Newly elected Los Angeles County District Attorney George Gascón issued a directive that his office’s “default policy” would be not to attend parole hearings and to submit letters supporting the release of some inmates who had served their mandatory minimums. Now Sirhan B. Sirhan, the convicted assassin of Sen. Robert F. Kennedy, will be a beneficiary of the policy as he faces a California parole board for the 16th time tomorrow. in a prison outside San Diego. Unlike the first 15 times, no prosecutor will oppose his release.

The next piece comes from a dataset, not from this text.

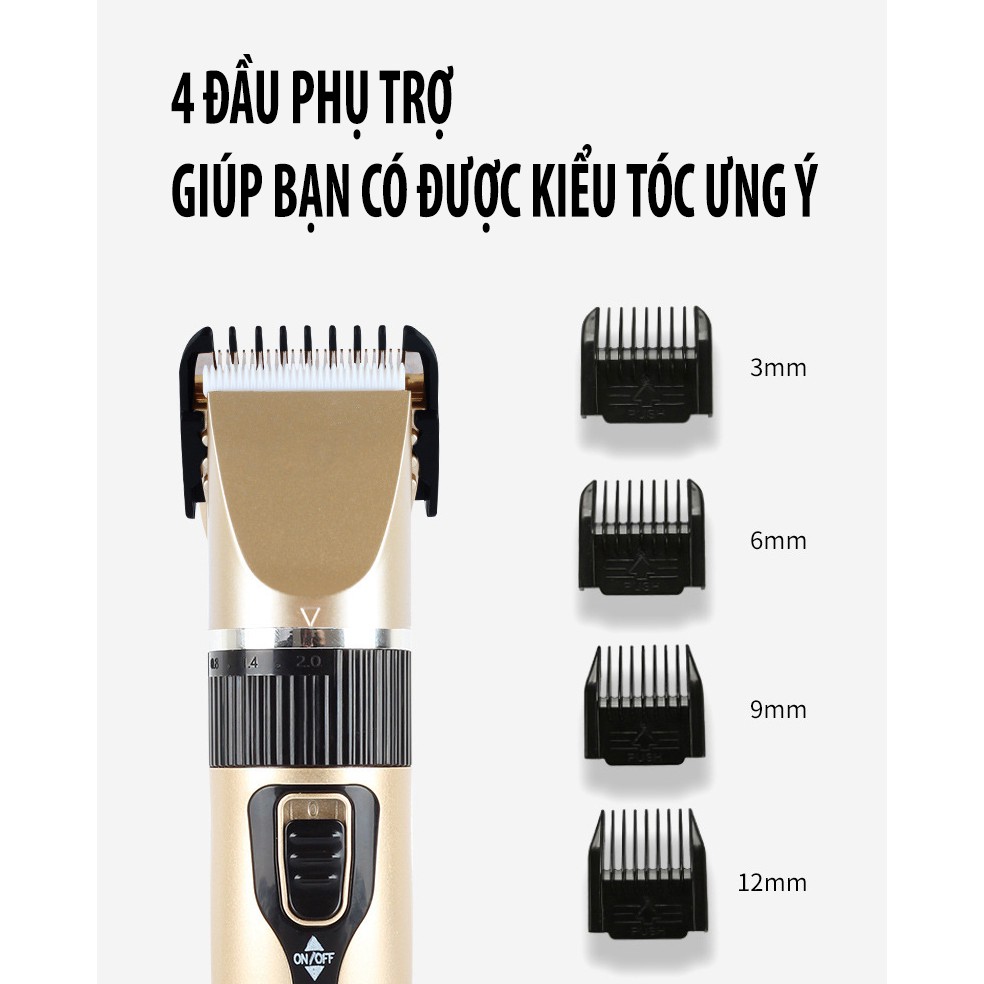 Tông Đơ Cắt Tóc - Tông Đơ Hớt Tóc - Máy Cạo Râu - Tăng Đơ Cắt Tóc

Sirhan is now 77. He escaped execution when California, being California, abolished the death penalty and his sentence was reduced to life with the possibility of parole. Instead of death, then, his punishment for murdering a possibly transformational U.S. political leader might be only 53 years behind bars. It could have been fewer: under the California law in effect when the assassin struck in 1968, a life sentence with parole would have made Sirhan eligible for release after only seven years. Now the parole board will evaluate him as an inmate who has had no disciplinary violations since 1972, and has expressed remorse, sort of: at one, “I have feelings of shame and inward guilt … I honestly feel the pain that [the Kennedys] may have gone through.” On the other hand, he has never expressly admitted his guilt and now claims not to remember shooting Bobby.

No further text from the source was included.